This is a collection of well-mastered pop CDs that have good micro (and macro) dynamic content. Microdynamics contain the transient movement or dynamic rhythm of a recording. Transients also affect perceived loudness. Macrodynamics contain the variations in average loudness over time. As we move into higher resolution recordings, I hope that DVDs, DVD-As, and SACDs will make it into this list. I’ve organized the recordings in order of increasing intrinsic loudness. Intrinsic loudness is the perceived loudness of a recording at a known position of the monitor control. So we can measure the difference in intrinsic loudness between two CDs by observing the difference between the two monitor positions required to make them sound equally loud.
Remember that we have no control over where the consumer sets his personal volume control, so the whole idea of “absolute loudness” is a fallacy. That is why I’ve introduced the term “intrinsic loudness” to help us compare recordings at a given known position of the calibrated monitor level control. Also note that high intrinsic loudness necessarily produces lowered microdynamics because of the compression/limiting required to prevent peak overload.

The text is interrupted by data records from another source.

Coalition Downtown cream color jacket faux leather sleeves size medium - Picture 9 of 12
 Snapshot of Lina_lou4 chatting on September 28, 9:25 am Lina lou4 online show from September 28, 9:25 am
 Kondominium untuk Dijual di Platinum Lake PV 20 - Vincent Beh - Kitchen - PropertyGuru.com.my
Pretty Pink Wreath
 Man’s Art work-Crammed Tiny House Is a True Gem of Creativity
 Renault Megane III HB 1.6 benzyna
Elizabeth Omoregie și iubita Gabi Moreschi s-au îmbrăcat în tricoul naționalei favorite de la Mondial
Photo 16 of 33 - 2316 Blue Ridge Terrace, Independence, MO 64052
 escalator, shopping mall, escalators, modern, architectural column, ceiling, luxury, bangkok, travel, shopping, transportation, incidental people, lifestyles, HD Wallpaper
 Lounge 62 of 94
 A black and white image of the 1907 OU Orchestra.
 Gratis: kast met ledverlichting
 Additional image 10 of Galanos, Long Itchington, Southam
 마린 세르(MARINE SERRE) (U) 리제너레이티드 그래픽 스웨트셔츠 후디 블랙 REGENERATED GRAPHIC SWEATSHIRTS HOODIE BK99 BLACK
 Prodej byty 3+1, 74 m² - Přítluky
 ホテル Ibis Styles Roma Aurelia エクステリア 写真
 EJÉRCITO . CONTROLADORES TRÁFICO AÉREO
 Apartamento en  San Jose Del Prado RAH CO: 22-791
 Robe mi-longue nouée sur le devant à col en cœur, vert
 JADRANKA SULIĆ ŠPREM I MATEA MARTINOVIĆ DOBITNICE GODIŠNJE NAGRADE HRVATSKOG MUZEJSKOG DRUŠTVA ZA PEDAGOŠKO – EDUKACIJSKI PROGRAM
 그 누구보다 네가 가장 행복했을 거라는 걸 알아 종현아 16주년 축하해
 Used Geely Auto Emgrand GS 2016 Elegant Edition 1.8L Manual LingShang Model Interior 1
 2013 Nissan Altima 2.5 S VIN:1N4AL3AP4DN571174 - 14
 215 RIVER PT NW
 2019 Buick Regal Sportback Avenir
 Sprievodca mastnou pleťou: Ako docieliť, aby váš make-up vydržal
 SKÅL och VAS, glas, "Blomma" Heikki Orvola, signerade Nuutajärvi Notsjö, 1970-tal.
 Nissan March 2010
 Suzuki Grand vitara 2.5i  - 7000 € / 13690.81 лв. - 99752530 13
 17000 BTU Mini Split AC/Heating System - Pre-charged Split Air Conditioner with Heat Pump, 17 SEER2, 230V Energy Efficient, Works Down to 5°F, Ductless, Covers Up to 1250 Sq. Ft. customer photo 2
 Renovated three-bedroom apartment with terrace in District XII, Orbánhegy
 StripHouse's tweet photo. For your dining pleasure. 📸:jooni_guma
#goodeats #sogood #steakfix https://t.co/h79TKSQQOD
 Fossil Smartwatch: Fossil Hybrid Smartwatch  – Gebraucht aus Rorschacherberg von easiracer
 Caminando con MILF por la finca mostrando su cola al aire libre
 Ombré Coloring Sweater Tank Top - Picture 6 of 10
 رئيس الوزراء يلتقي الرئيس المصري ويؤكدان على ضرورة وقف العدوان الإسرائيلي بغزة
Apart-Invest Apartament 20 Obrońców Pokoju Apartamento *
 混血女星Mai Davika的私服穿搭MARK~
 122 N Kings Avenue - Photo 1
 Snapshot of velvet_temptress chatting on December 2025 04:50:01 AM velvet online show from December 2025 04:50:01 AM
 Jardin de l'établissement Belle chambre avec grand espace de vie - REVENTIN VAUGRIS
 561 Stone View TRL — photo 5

This is a Monitor control marked in degree of attenuation. The ZERO position produces 83 dB SPL, C Weighted, on a per-channel basis with -20 dBFS RMS pink noise. This is explained in How to Make Better Recordings, Part 2. All other control positions are relative to this zero position.
For example, if CD #1 sounds as loud at a control position of -5 as CD #2 at -7, then we can say that CD #2 is 2 dB louder than CD #1 (CD #1 requires 2 dB more monitor gain). This is such a powerful language that I propose that all 21st century audio engineers communicate using the common language of the calibrated monitor. The size of the control room, the distance of the loudspeakers from the listener, and the number of people in the room absorbing sound affect the monitor gain. If your room is smaller than mine, you will likely use a lower monitor gain.
The Loudness Race is Self-Defeating
In general, a hot CD will have lowered transient clarity and less dynamic range. As the intrinsic loudness goes up, the sound quality can go down. So you can judge the quality of a CD to a great degree by the position of the monitor control required to generate a comfortable loudness. Engineers differ in their opinion of what is an acceptable intrinsic loudness, but most of us agree that the sound quality of the average commercial recording has been going down hill for quite some time due to the loudness race. The vast majority ofpeak-normalized pop music recorded since 1940 sounds perfect at approximately -6 to -8 dB monitor position, which is therefore a de facto standard. This monitor position yields an average SPL (C-weighted) of about 83 to 86 dB (on forte passages)* when reproducing many pop recordings made through about 1993. I believe the -6 to -8 dB monitor position is the approximate point of no return. Depending on the music, a skilled mastering engineer can make a fairly good-sounding recording which works at about -9 position, but the sound will not be as clear or as “sharp” or as “open” as a recording whose intrinsic loudness is lower. You can’t beat the laws of physics.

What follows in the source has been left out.